• [What you should do] The data below is to be written out exactly, with no pictures.

• [Information provided]
————————
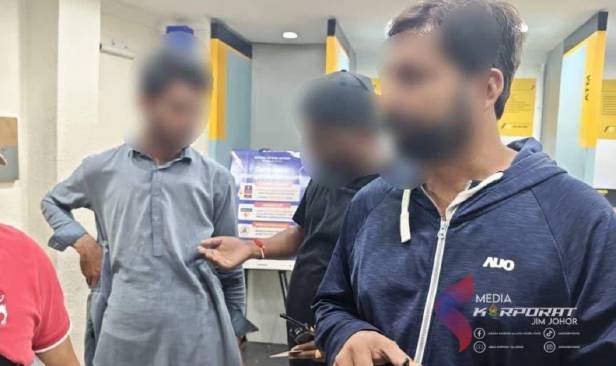 Imigresen gempur Taman Sri Bahagia, tahan 108 PATI
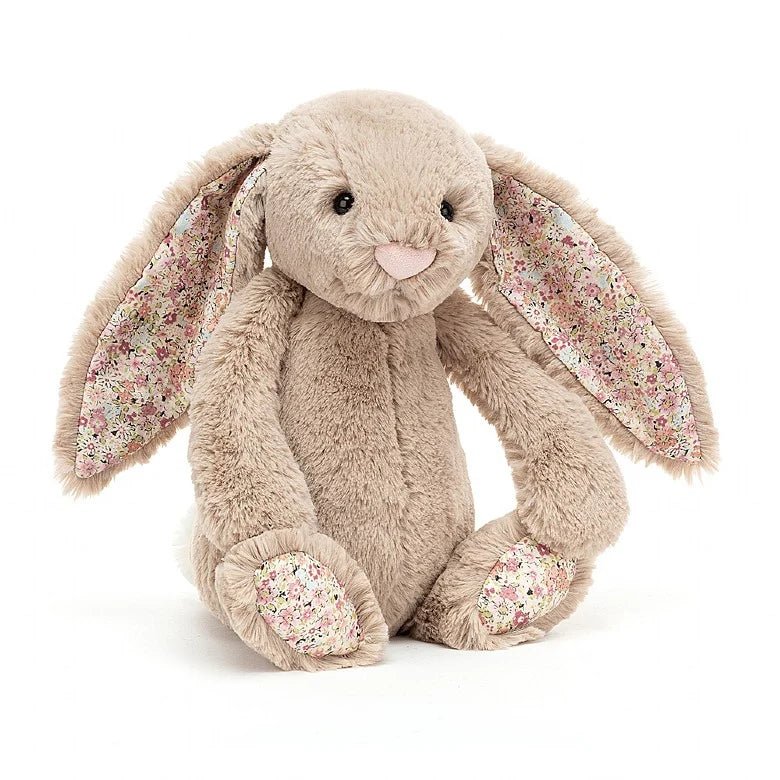 Blossom Bea Beige Bunny (medium) by Jellycat - Timeless Toys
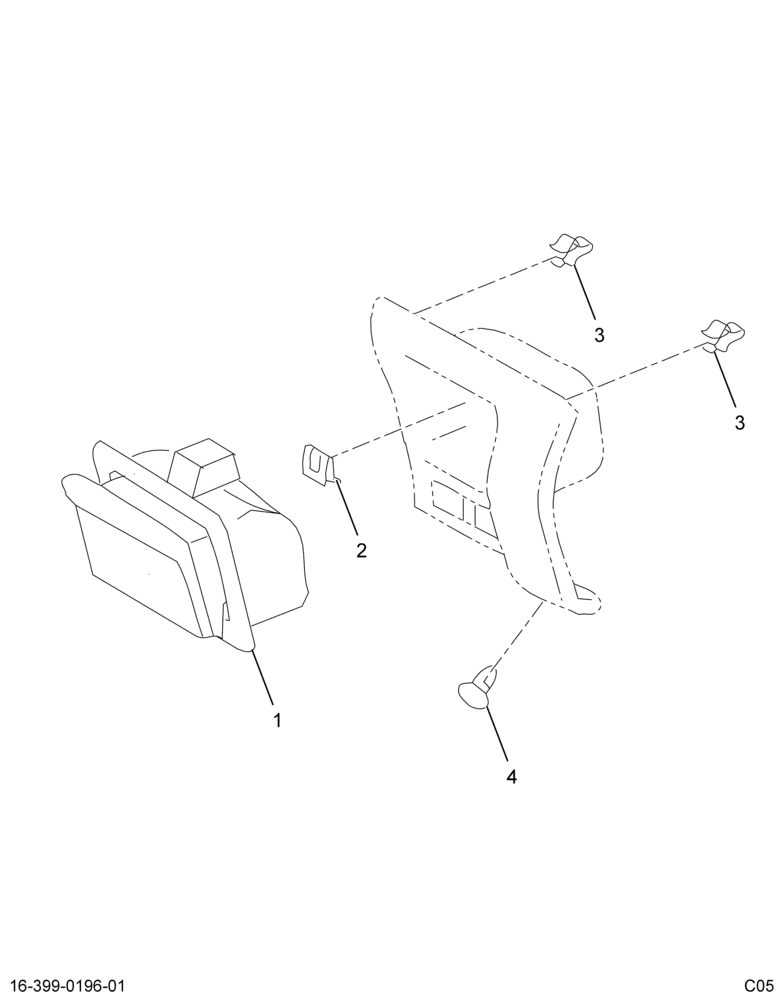 ....PANEL INSTRUMENT COVER LWR LH (6E7Z-2004338-AA)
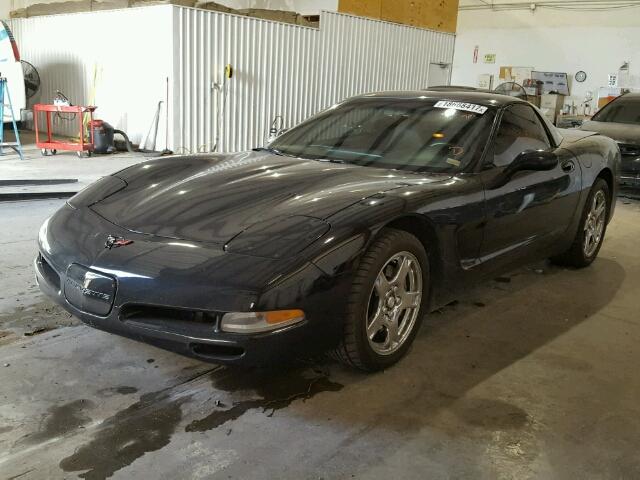 Corvette C5 Targa 1999 Black / Schwarz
————————
• [Solution to this exercise]
 Imigresen gempur Taman Sri Bahagia, tahan 108 PATI
 Blossom Bea Beige Bunny (medium) by Jellycat - Timeless Toys
 ....PANEL INSTRUMENT COVER LWR LH (6E7Z-2004338-AA)
 Corvette C5 Targa 1999 Black / Schwarz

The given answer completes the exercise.